Despite that, he gutted it out and continued to persevere before finally sitting out the season finale at Pittsburgh with an ankle injury. He put together one of the best rookie seasons ever by a Cleveland running back by rushing for 950 yards and 11 touchdowns while finishing second on the club with 51 receptions.
Still, Richardson was capable of so much more. He knew it and so did everybody else. He just needed to stay healthy and on the field and that’s exactly what he’s done thus far in this training camp. He’s slashing and darting, running over people and making others miss. He’s looking exactly like the special player the club thought it drafted a year ago.
The Browns are keeping their fingers crossed that it continues, for they are far more dangerous offensively with a healthy Richardson. He’s a game-changing runner, the likes of which they’ve not head since Jamal Lewis in 2007. But Lewis was near the end of the road then; Richardson is just getting started.
Offensive coordinator Norv Turner’s teams have always relied heavily on great backs, so Richardson is expected to put up some big numbers. He’ll have no shortage of work – that much is for sure. He’s the best skill-position player on the team and the one Brown who will keep opposing defensive coordinators up late at night wondering how they’ll stop him.
In many ways, really, Richardson is the face of the team on the field while team owner Jimmy Haslam is Browns’ face off of it. Richardson’s No. 33 jerseys are flying off the store shelves locally. Perhaps Haslam’s embattled other company – Pilot Flying J – should stock them at their Ohio locations.
If Richardson is running the ball effectively and catching a lot of passes out of the backfield, then it will open up things in the vertical passing game by keeping defenses from stacking too many men in the box.
Richardson’s presence – and role in the offense – will likely never be more important at any time this season than it is in the first two games as WR Josh Gordon – by far the club’s best downfield passing threat – sits out with an NFL suspension after taking a banned substance
Gordon’s absence will put even more pressure on Weeden, whose career is already on the line as he tries to prove himself to this new management team and coaching staff. He was counting on Gordon to help do that, but will be without his services in the season opener against the Miami Dolphins at home on Sept. 8 or at the defending Super Bowl champion Baltimore Ravens the following week. That means Weeden will be leaning even more heavily on Richardson to gain yards, move the chains and score points.

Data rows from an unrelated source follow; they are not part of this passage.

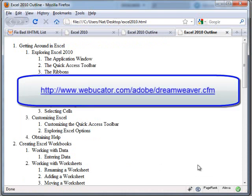So thanks for watching. Please check out our Dreamweaver classes at the URL shown here. Take care.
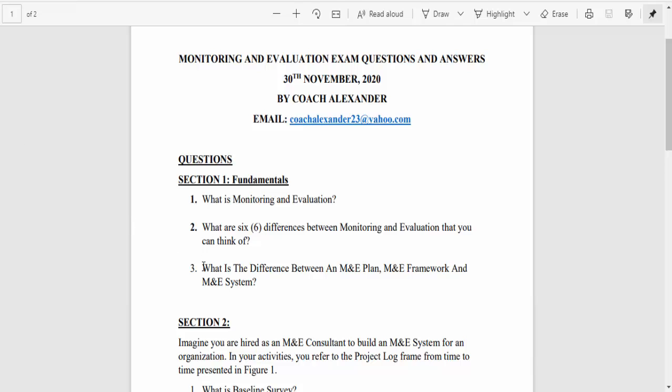Question three: what is the difference between an M&E plan, M&E framework, and M&E system? The M&E system is all-encompassing — it includes the M&E framework and the plan. The plan details how you're going to do the M&E activities, when you do them, and what resources are required. The M&E framework is a subset of the plan — it's part of the M&E plan. The M&E system includes everything.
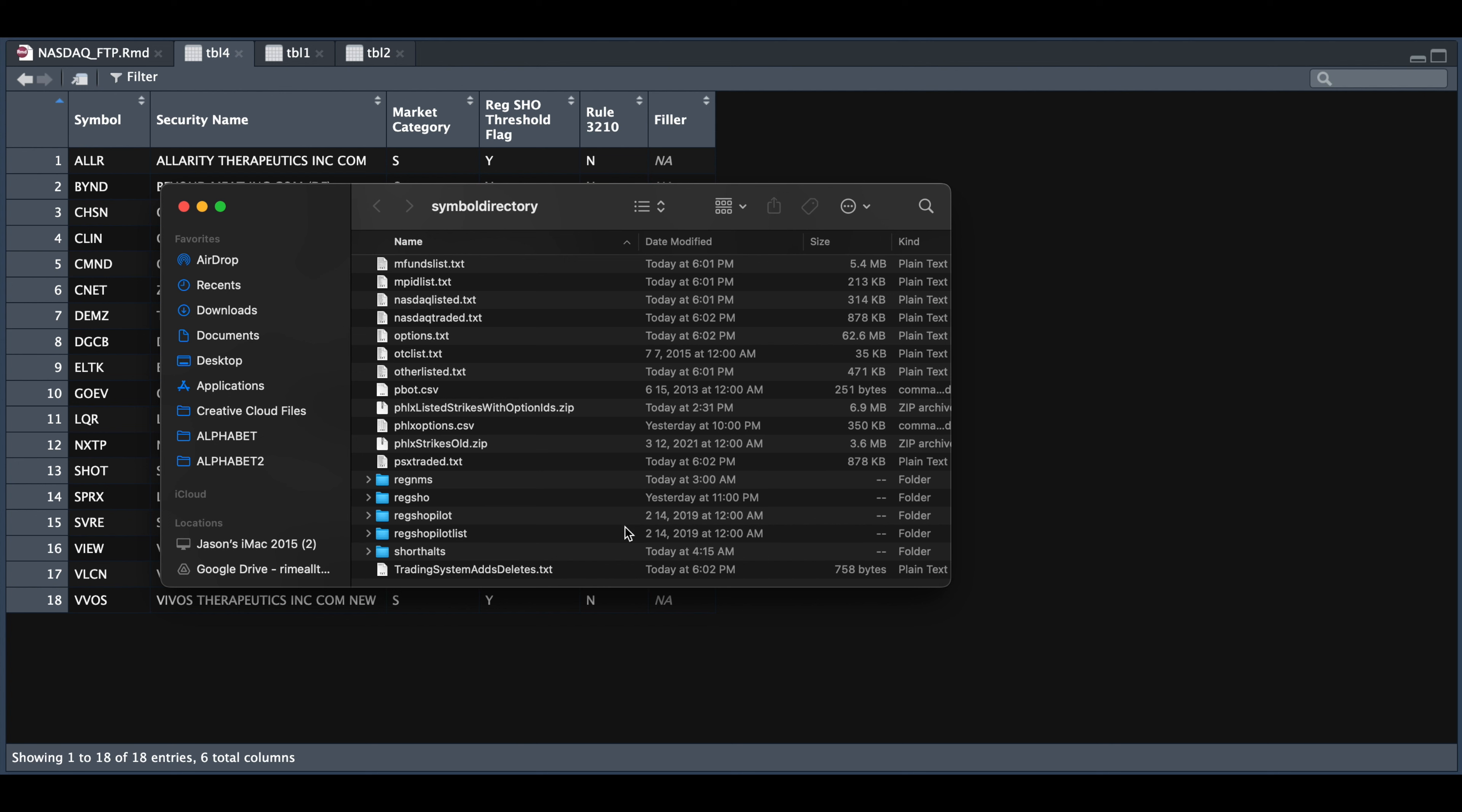And I would be cautious about reading some of these in, such as the options data, which seems to be the largest file in here. This will definitely be a great source for market data and the current listing of ticker symbols.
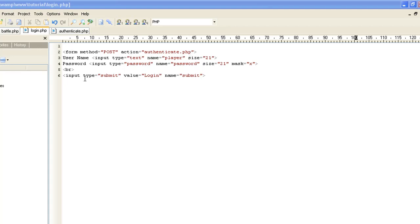Action equals authenticate.php — that's the page we're going to send these variables to. If you notice, I have no PHP open; this is all an HTML page. For username, we're asking for a text box: input type text, name equals player. That's the variable it's going to pass — whatever they type in is going to equal player. Size equals 21 for the text box, which is how many characters.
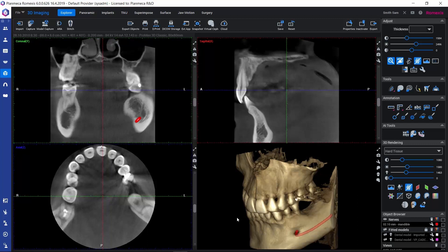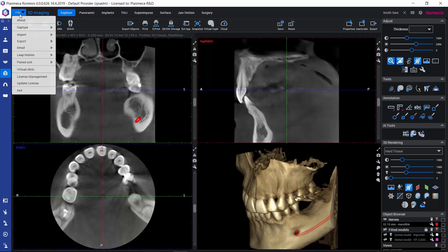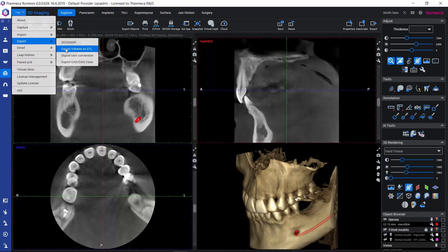First, let's open the 3D volume, and then let's go to the file menu that you can find here on the upper left corner of the screen. Let's open the file menu, go to Export, and select Export Volume as STL.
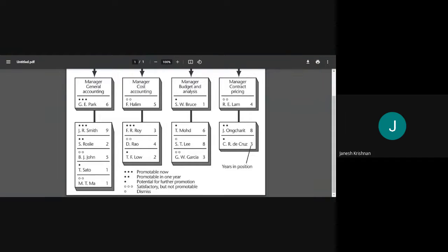The rating symbols can be customized — stars, rectangles, or triangles instead of dots, depending on preference. By looking at the chart, we know who can be promoted, who needs more training, and who needs to be replaced. For example, Mr. Roy is promotable now, while Mr. Lee has eight years of service but is not performing well, so he may need to be dismissed.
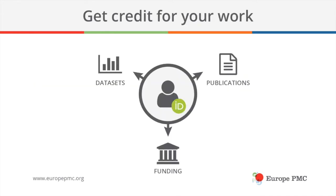ORCID is a not-for-profit organization that allows researchers to get credit for the work they have done throughout their career. An ORCID allows you to link your data, publications, and other works to your personal ORCID record. This will make it easier for you whenever you are applying for grants or going through a promotion review to provide a complete overview of your achievements.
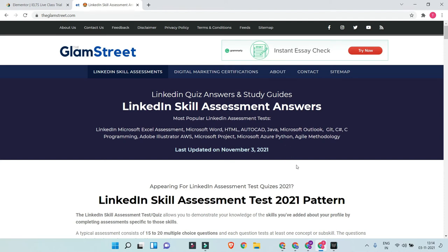Hello everyone, hope you're doing great. Today I'm going to discuss something really cool and interesting. Let's say you would like to have some dynamic date on your website. For example, on this particular page you can see 'Last updated on November 3rd, 2021' — this particular date keeps on changing automatically every other day. So how do we do this kind of dynamic information on our web pages?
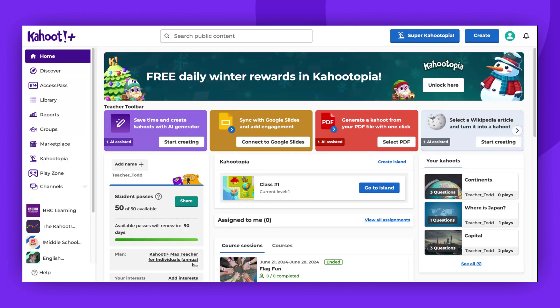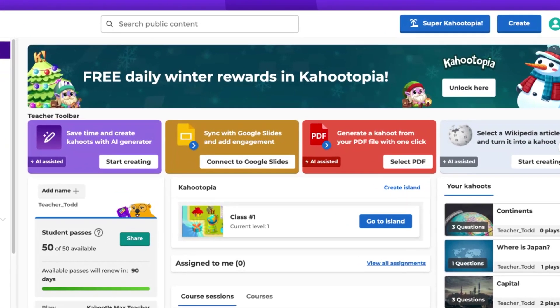Start by logging into your account and searching for the desired Kahoot. You can use the search bar at the top of the page to look for public content.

If this same scenario had played out last season and Richardson was trying to play the opener without the benefit of training camp, then Weeden would face a real dilemma. The fact Richardson should be there – and healthy – gives the offense at least a fighting chance to be competitive until Gordon returns. Cleveland couldn’t say that last year at this time, when Richardson was a non-entity with no real certainty as to when he would return.
A good start – even 1-1 -- is essential to the Browns as they try to build confidence on a roster laden with young and inexperienced players. To that end, it’s safe to say Richardson is the most essential player.
It’s why there are some smiles – legitimate ones even -- at training camp in Berea, Ohio.